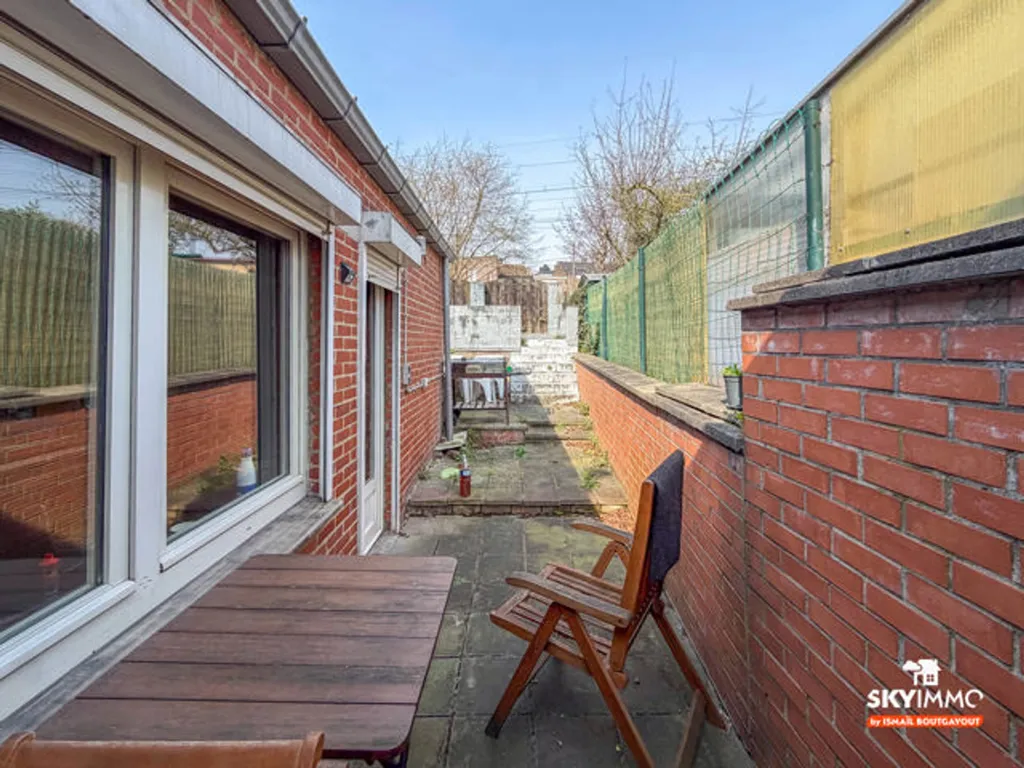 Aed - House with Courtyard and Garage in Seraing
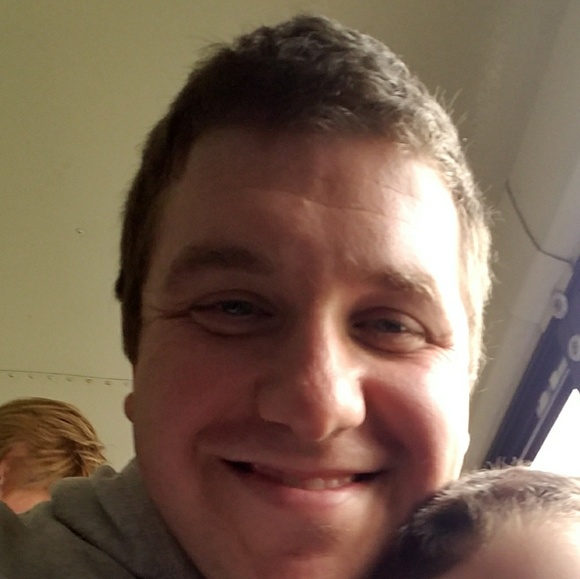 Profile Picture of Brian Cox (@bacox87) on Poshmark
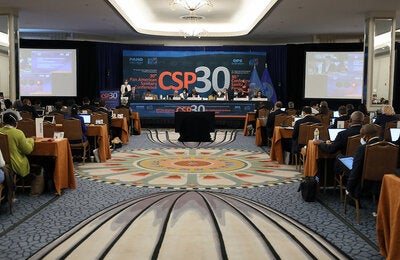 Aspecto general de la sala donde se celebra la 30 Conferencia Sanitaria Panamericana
◇ ◇ ◇ ◇ ◇ ◇ ◇
What the task asks: I'd like the data above duplicated exactly, with no pictures included.

Your response:
 Aed - House with Courtyard and Garage in Seraing
 Profile Picture of Brian Cox (@bacox87) on Poshmark
 Aspecto general de la sala donde se celebra la 30 Conferencia Sanitaria Panamericana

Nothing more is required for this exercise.